- **Data under study**
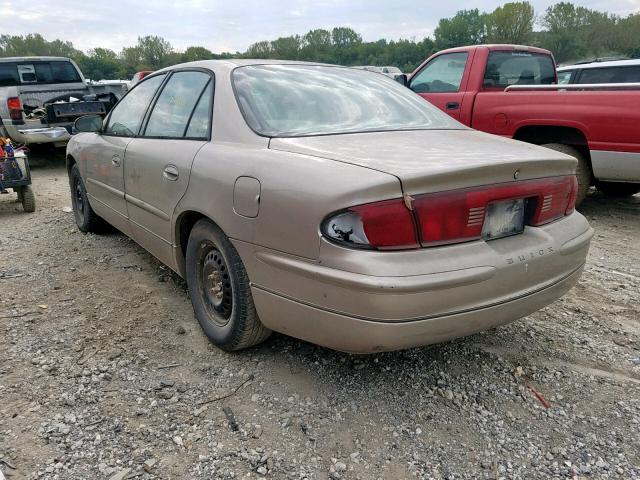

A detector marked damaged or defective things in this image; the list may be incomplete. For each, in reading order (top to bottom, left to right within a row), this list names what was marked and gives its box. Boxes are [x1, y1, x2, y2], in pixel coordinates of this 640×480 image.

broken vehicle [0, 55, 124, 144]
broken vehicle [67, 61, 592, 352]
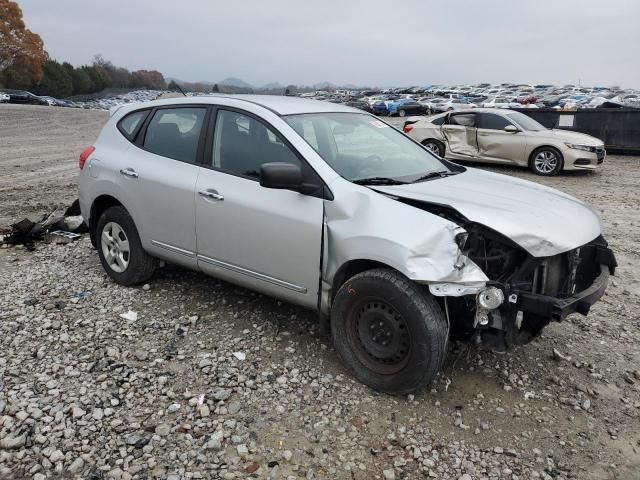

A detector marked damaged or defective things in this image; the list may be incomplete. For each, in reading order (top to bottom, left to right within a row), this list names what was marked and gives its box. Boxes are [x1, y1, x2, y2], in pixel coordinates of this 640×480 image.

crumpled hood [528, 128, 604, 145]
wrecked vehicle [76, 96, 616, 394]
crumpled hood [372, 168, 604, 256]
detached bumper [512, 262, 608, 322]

- **Assignment**
A faithful copy of the records above, without images, is what to give back.

- **The completed task**
A detector marked damaged or defective things in this image; the list may be incomplete. For each, in reading order (top to bottom, left to right within a row), this list names what was marked and gives its box. Boxes are [x1, y1, x2, y2], in pixel coordinates of this 640×480 image.

broken vehicle [0, 55, 124, 144]
broken vehicle [67, 61, 592, 352]

A detector marked damaged or defective things in this image; the list may be incomplete. For each, in reading order (top to bottom, left to right within a row), this list names what was marked and gives its box. Boxes are [x1, y1, x2, y2], in pixel coordinates of this 640×480 image.

crumpled hood [528, 128, 604, 145]
wrecked vehicle [76, 96, 616, 394]
crumpled hood [372, 168, 604, 256]
detached bumper [512, 262, 608, 322]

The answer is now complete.